+++ Data shown

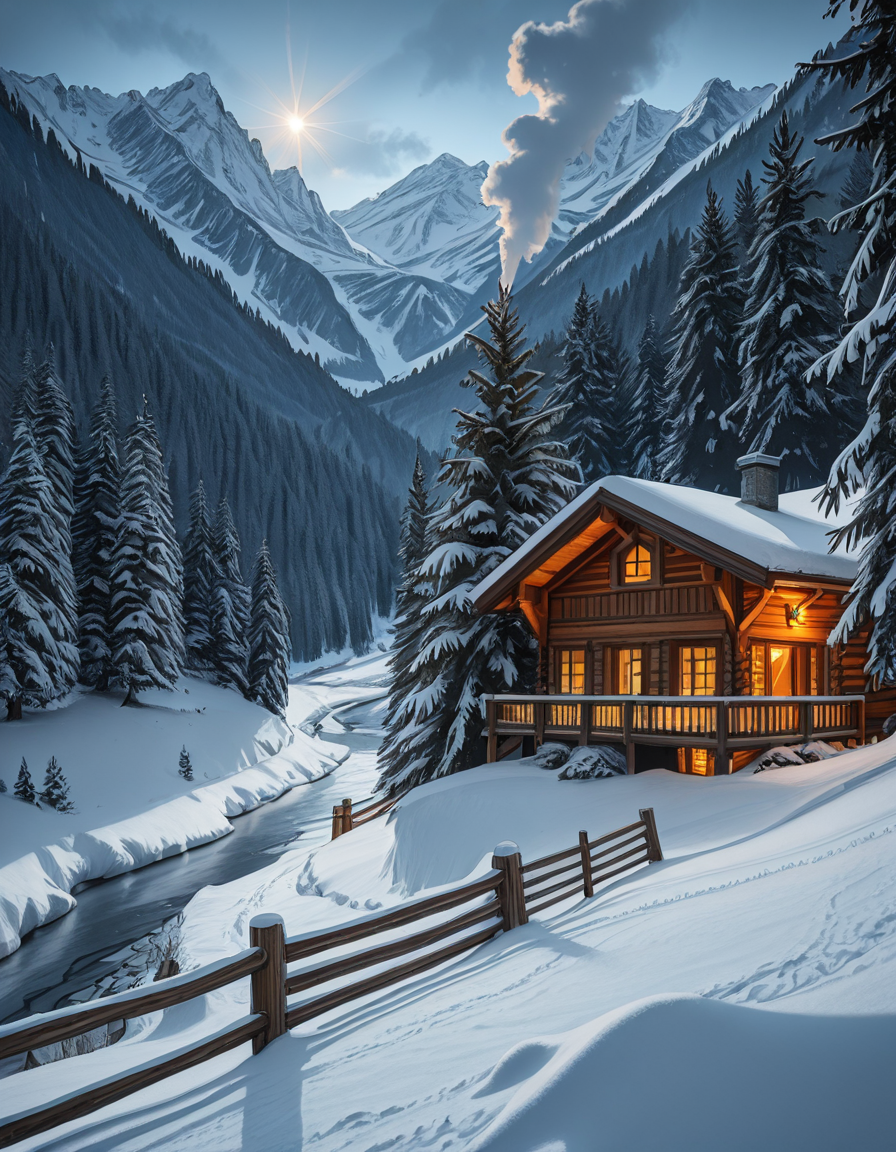 A stunning winter scene in the Tyrol region of Austria. A charming wooden chalet with traditional alpine architecture stands on a gentle snow-covered slope, surrounded by dense evergreen forests blanketed in fresh snow. The chaletâs warm interior lights glow softly through its large windows, creating a cozy contrast against the cool twilight hues of the sky. A plume of smoke drifts from the chimney, hinting at a roaring fireplace inside. In the foreground, a small wooden fence is partially buried under the snow, while a frozen river winds through the valley, reflecting the moonlight. Towering, snow-capped peaks of the Austrian Alps dominate the background, adding a breathtaking sense of grandeur. Snowflakes gently fall, adding movement and depth to the peaceful, picturesque scene. The image is hyper-realistic, capturing the intricate textures of the wood, snow, and ice, with cinematic lighting that highlights the magical winter ambiance.
<lora:SDXLFaeTastic2400:0.4> <lora:extremely_detailed:0.4> extremely detailed,winter scene in the Tyr0l, <lora:winter_scene_in_the_Tyr0l-i:1>, Masterpiece,best quality,hi res,8k,hi res,8k,award winning,(sharp focus, intricate, highly detailed),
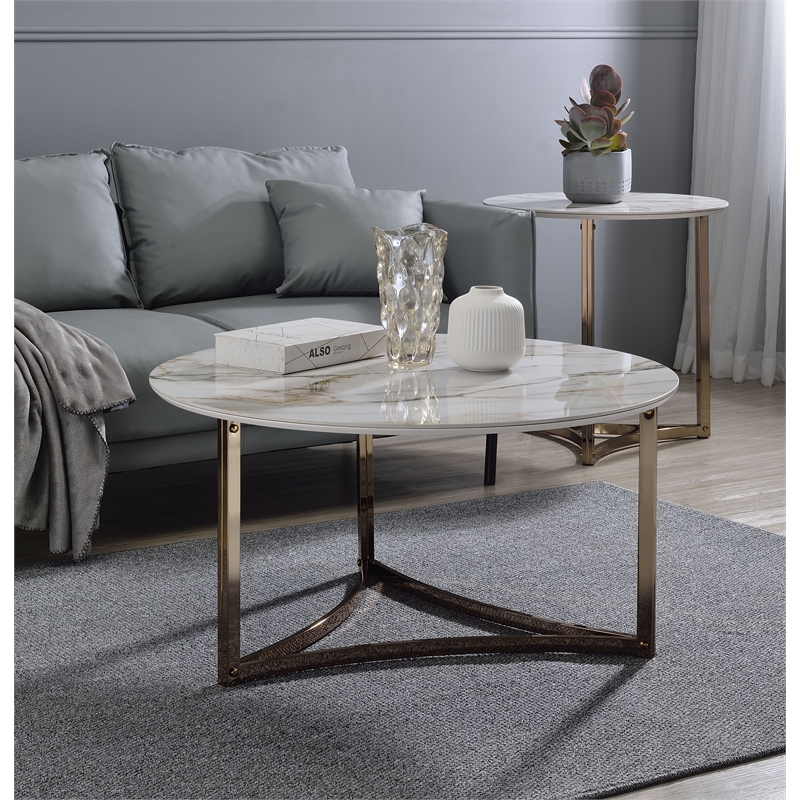 ACME Aziz Contemporary Metal End Table with Stone Top in Champagne Bronze
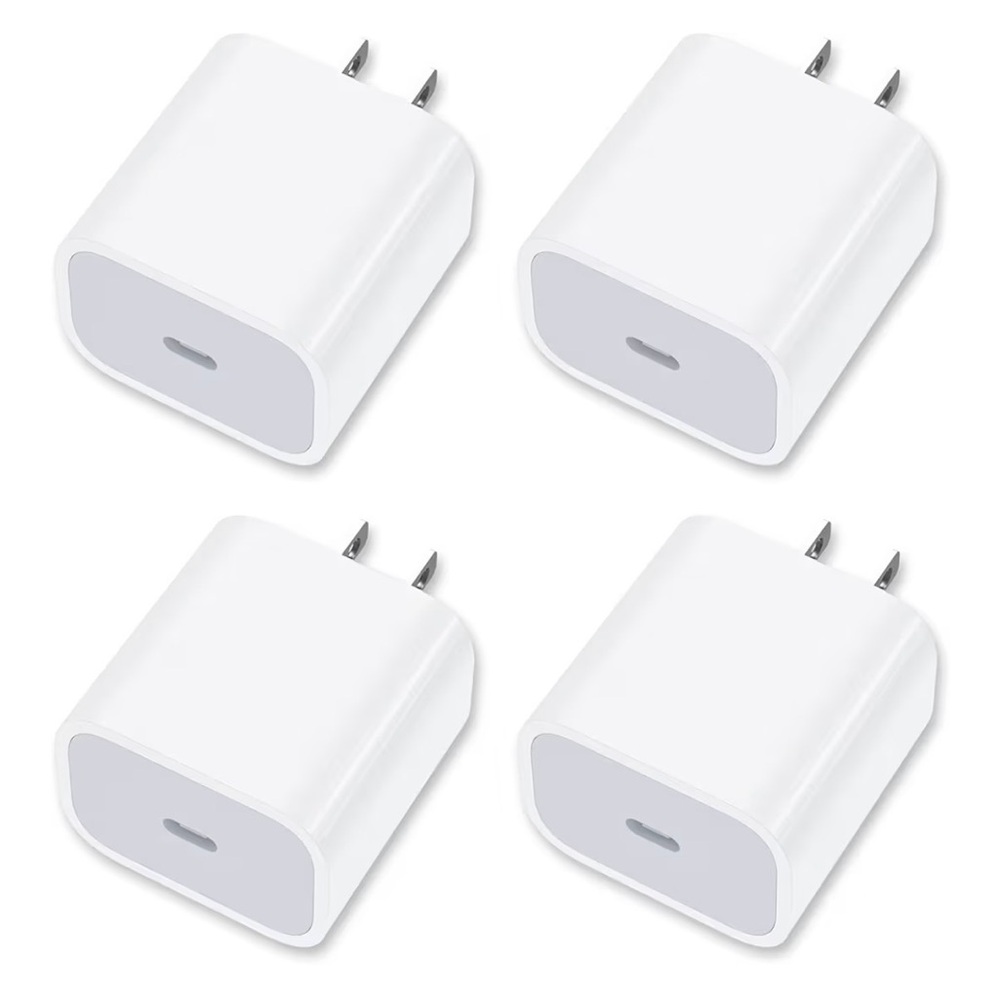 4-pack USB-C Wall Charger, 20W USB-C Power Adapter for Phone 17/16/15/14/13/15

++++++

» **Exercise**: Take the lines from the one holding "ACME Aziz Contemporary" through the final line of the listing above and copy them exactly, both ends included, with no pictures.

» **Reply**:
 ACME Aziz Contemporary Metal End Table with Stone Top in Champagne Bronze
 4-pack USB-C Wall Charger, 20W USB-C Power Adapter for Phone 17/16/15/14/13/15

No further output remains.